Crazy Train, er, Bus

Today, like every day, the bus to campus was dangerously overcrowded. College students were crawling over one another to try and find a spot where they could hang on for dear life as the bus driver careened around the corners trying to get to school before one o'clock. I don't know why we can't use one of the larger, older buses, or maybe have the bus go to campus more than once every thirty minutes, but I guess that you get what you pay for. I was standing near the back of the bus, on a little elevated platform where the aisle narrows to accommodate more seats, and was holding on with both hands so that I wouldn't fall forward on to the poor girl in front of/ below me. Behind me, another poor little Chinese girl was trying desperately not to push me over the stairs and start some kind of horrible/hilarious human domino effect. Unfortunately, I was wearing my backpack, which was filled not only my laptop but also The Phenomenology of Spirit and Philosophical Investigations, and every time the bus swerved, my bag would shift and whack the girl right in the face.
To make matters even more awkward and uncomfortable, every thirty seconds or so, a distant, authoritative, automated voice would come over the PA and say, "Please remove your backpacks, in order to give other passengers on the bus more room." Over and over again, this calm, soothing man's voice was gently urging me to remove my bulky bag and leave the girl behind me alone. "Please remove your backpacks, in order to give other passengers on the bus more room." Whack. "Please remove your backpacks, in order to give other passengers on the bus more room." Smack. I could feel everyone else on the bus watching me, judging me with their Gazes of the Others.
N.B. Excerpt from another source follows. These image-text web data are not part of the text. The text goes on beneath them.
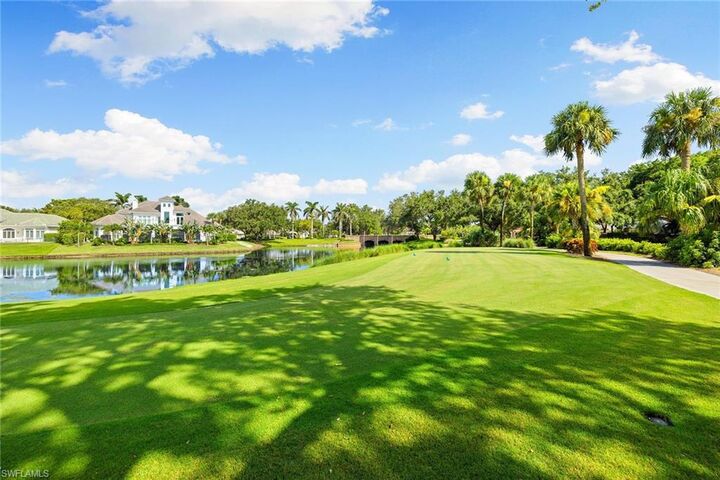 Property Photo: 7004 Verde Way FL 34108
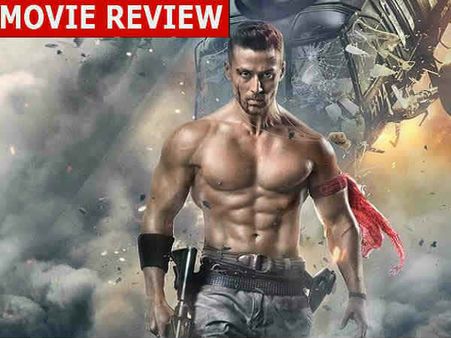 Baaghi 2 Review: टाइगर श्रॉफ का जबरदस्त एक्शन धमाका, लेकिन फिल्म खा गई मात
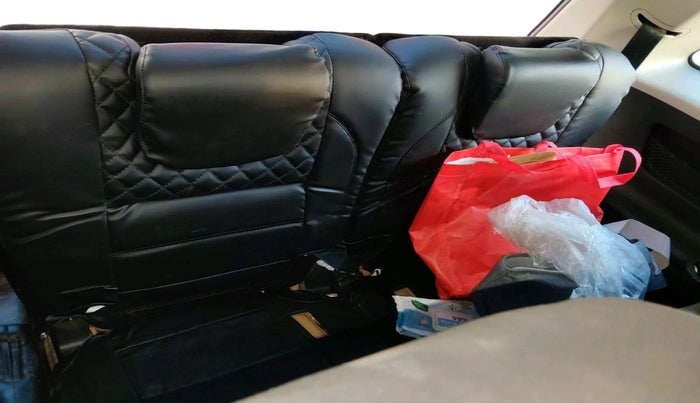 2018 Mahindra XUV500 W11, Diesel, Manual, 1,33,150 km, interior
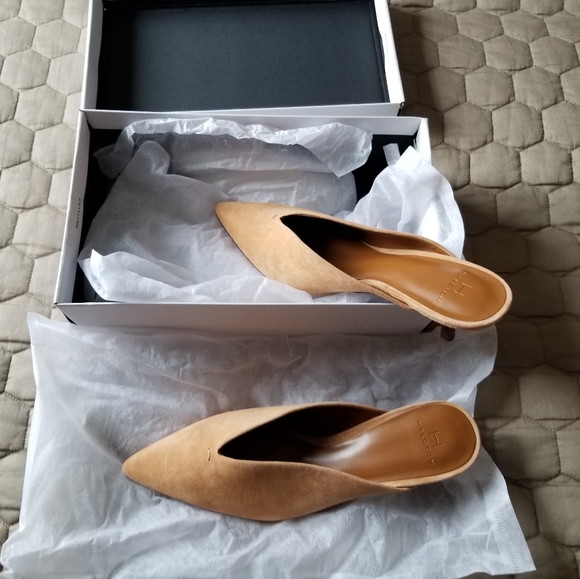 Halston fine suede mules - Picture 7 of 7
Why, oh why, was I insisting on tyrannizing this girl with my big, bulky, philosophy-filled backpack?
I was stuck between a rock and a hard place, or, more accurately, between an undergraduate and a small ledge. "Please remove your backpacks, in order to give other passengers on the bus more room." But if I removed my backpack, I would need to hold on to it, and then I would only have one hand to hold on to the pole! Didn't the man inside the PA box understand this? If I let go, the consequences would be dire - a giant, mixed-race, upper middle class dogpile, right in the middle of the bus. I could try to explain to the girl behind me this, that I was sorry, that I understood her predicament, but that I just didn't think that it was a good idea for me to remove my backpack at this time, and so on, and so on. But this would have entailed me turning around in a one hundred eighty degree manner, and the odds were that I would only succeed in bumping the Law School student on the other side of me.
So I did the only reasonable thing I could do - nothing. I gripped the bar tighter, and tried my darndest not to start a human domino effect, and if someone innocent has to suffer because of it, well, I guess that that's a sacrifice that we all must be willing to make. Or I could just start getting up earlier and taking the eight fifteen bus, which is like, a third as crowded.